Shark Head - Tumblr Posts

I assembled that shark head mask design last night! Here, have a whole bunch of progress shots of me making it! Putting it behind a break so it doesn’t take up 5 pages of your dashboard:

Got no shots of it being cut, oh well. Here are all the pieces stained and laid out. I used blue and turquoise stains, with sparkly stuff mixed in. The manufacturer calls the color/additive “pearl.” I haven’t had much chance to use it yet.
That really long Y-shaped piece at top is the part that goes all the way from the nose to the back of the neck, and it’s where your head goes through. I put in a bunch of grommets into it to make the lace-up closure work nicely.
The first big thing is to test-assemble the whole thing, in case I messed something up with the design. I don’t want to start riveting it all together only to find halfway through that I messed something up.
So! Time to soak all the pieces in water to soften them up, and get going!

Starting at the center in the back.

Adding the next piece on the side, with the gills over where your ears go.

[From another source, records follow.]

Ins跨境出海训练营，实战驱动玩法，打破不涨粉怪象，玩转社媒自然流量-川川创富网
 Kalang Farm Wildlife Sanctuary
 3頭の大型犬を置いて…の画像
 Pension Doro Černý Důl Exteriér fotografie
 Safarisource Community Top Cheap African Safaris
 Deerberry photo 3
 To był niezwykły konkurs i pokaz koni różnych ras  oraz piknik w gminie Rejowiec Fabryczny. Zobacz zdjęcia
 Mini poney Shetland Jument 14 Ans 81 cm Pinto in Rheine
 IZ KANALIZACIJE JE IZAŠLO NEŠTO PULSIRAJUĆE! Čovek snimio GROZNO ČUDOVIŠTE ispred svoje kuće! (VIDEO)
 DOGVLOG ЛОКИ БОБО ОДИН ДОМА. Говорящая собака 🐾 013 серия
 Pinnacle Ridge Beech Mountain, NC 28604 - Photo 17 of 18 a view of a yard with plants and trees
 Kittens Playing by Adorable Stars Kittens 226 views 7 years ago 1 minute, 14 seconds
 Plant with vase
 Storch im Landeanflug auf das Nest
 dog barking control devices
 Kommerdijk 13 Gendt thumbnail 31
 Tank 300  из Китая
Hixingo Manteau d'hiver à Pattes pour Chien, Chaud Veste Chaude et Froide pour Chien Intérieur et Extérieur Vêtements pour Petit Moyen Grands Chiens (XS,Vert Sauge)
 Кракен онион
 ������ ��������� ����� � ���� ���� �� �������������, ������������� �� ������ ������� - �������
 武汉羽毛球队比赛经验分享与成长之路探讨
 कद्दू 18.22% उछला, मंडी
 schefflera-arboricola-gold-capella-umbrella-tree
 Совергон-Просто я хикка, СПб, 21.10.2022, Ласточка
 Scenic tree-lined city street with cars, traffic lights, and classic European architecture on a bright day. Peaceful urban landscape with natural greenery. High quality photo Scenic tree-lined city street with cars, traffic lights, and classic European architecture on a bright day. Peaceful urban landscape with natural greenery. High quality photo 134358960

The next piece, with the side of the mouth. The eye is starting to make sense. Next comes the detail I was most worried about: the turning point at the nose.

And it worked! The leather flexed and curved just right. I had not expected it to work out this well.

Here’s what the interior looks like at this point.

Starting up the next side, in the same order. Here we see the closure, now starting to hold itself in place.

The second side. It’s really starting to hold its shape well now.

About to deal with the second side of the tricky nose joint.

Looks great! Now just need to do the front of the neck.

Yay! Time to try it on, because I couldn’t resist.

OK, so all the parts fit together, it looks good. Now I have to do the harder part of actually hammering all those rivets closed so they’re permanent. The tricky thing about this, is you can only hammer something down from above onto a flat surface. Basically, if you’re trying to assemble a sphere out of small pieces, you can easily re-position the pieces to do the riveting while the assembly is pretty small. But you run into problems as you get close to closing it up.
What that boils down to is, I need to re-evaluate the design and figure out an order that I’ll be able to assemble it in. To get it done, I’ll basically need to disassemble the whole thing and re-assemble it.
I start with the nose...

And everything’s messy and floppy. The rivets right up in the nose area have been pounded flat. The ones down by the neck I just left in place from the test assembly to try to keep things a bit tidier while I work.

Pound it in, hammer it out. Gonna speed up the telling a bit, because it’s basically just “once more with feeling.”

Here I’ve got both sides done, and am starting up the center.

And it’s assembled! Now it just needs to dry. How do you hold something like this in place so it doesn’t flop or squish while drying?

Carefully. It’s sitting on a roll of tape wrapped in a towel perched on the tip of a strip of wood cantilevered out from my shelves. It’s actually stable. Kinda jank, though.
Thanks for reading! Sorry for the somewhat non-professional workshop environment (being, my basement bedroom). But I figure it’s more important to make cool things at a high level of quality. I often try to maintain a professional image when presenting my stuff, but sometimes it’s good to see how the sausage gets made.
I haven’t gotten nice photos of it yet, I’ll try to do that tomorrow.